• bu sene festivalde gosterilen tom tykwer'in keyifli filmi. run lola run kadar vurucu olmasa da, bastan sona sıkılmadan izlenebilecek bir film.
  • en başta bir tom tykwer filmi olması,franka potantenin oynaması ve benzer kaza sahnesi run lola runı akla getirebiliyor ama filmin genede run lola rundan çok ayrı duran bir yapısı var.filmin iyi çekilmesinden değilde senaryosundan dolayı keyfiyatı tartışılır bir yapısıda yok değil...
  • akil hastanesindeki hemsire sissi birgun bir trafik kazasi gecirir. esas oglan tarafindan hayati kurtarilir. ve sonra onu bulmasi gerektigini, hayatinin erkegi oldugunu dusunerek izini arastirmaya baslar. ama kolay olmayacaktir.. aklimda kalan birsey var ki o da sissi'nin surekli sirtustu yere dusmesi ve ole kalakalmasi
  • sissi'nin boğazına açılan delik yüzünden salonda öğürtülerin duyulmasına neden olan film
  • tom tykwer'ın müzikli yönetiminde, ön sırada gözleri ağlayan bir bodo'yla içi ağlayan bir sissi duruyor. arkalara bakınca daha bi sürü kendine özgü karakter var bu filmde amma hepsini birer kelimeye sığdırmak boyumu aşar. sinema sanatına mantık zincirini kır da gel diye seslenenlere uğrayacak bi filmdir der krieger und die kaiserin.

    lola'nın koşmayan hali daha sarışınmış ayrıca.

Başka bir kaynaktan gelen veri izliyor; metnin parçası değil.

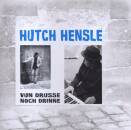 Hensle Hutch - Vun Drusse Noch Drinne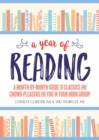 Image for A year of reading: a month-by-month guide to classics and crowd-pleasers for you and your book group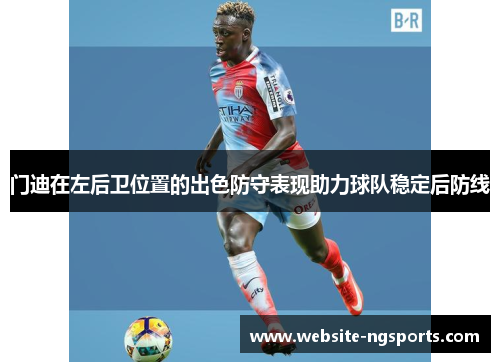 门迪在左后卫位置的出色防守表现助力球队稳定后防线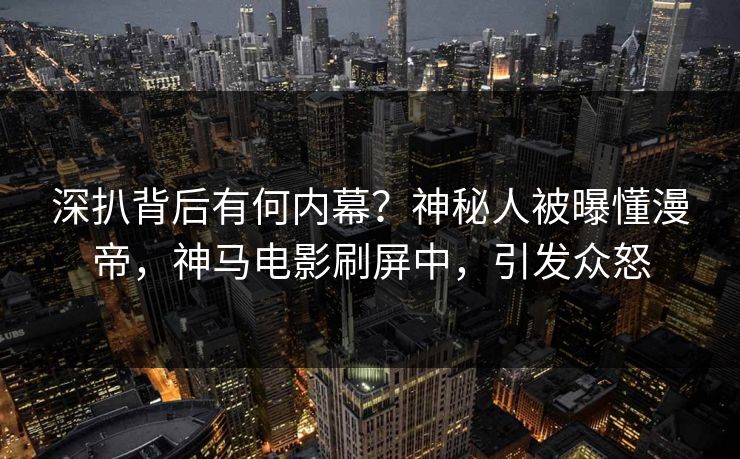 深扒背后有何内幕？神秘人被曝懂漫帝，神马电影刷屏中，引发众怒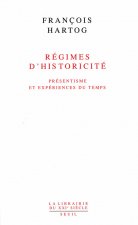 Régimes d'historicité. Présentisme et expériences du temps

  • sissi’nin yanına sığınan bodo, bir yandan hafızamı kaybettim hükümsüzdür derken, bir yandan ağlamaya başlar (sen ağlama ben ağlarım ikimizin yerine demek istiyorum kendisine) ve doktor sorar “neden ağlıyorsun”, o da “aslında ağlamıyorum bu kalıtsal bir hastalık bizim ailede gözümüzden yaş geliyor sebepsiz” diyor, ah be bodo gözyaşlarından sen suçlusun, güzel gözlerinden de sen suçlusun, lakin nefis hikayeden, sizi biraraya getirmeyen kahpe kaderden, sissi’yi süründürmenden, çamurlarda aşk-i ilanından tykwer suçlu.. biz de izledik, suça ortak olduk, orası ayrı bir konu, bir başka bahara..
  • (bkz: four days)
  • tom tykwer, the princess and the warrior’da(2000) run lola run’da birlikte çalışıp, durmaksızın koşturduğu franka potente ’yi bu kez daha sakin bir hikayenin odağına yerleştirir. filmde potente melankolik, utangaç, dingin, sanki yüzyıllardır o koridorlarda ve o odalarda aynı hastalarla yaşıyormuş izlenimi veren psikiyatri hemşiresi sissi schmittir. sisi’nin adı, başrolünü romy schneider’ın oynadığı, sissi - schicksalsjahre einer kaiserin (1957)-the warrior and the emperess’den gelir. film, okyanusu gören bu uzak odadan sisi adına yazılan bir mektubun uzun süren, zorlu seyrüseferiyle açılır. belki de tykwer, iletişim kurmanın, birinin diğerini anlamasının aslında ne denli zor olduğunun sinyalini verir daha ilk planlarda. hisler, temas ve düşler üzerine olağanüstü bir epik olan film, ruhu anlatmakta tykwer'in yetkinliğini kanıtlar.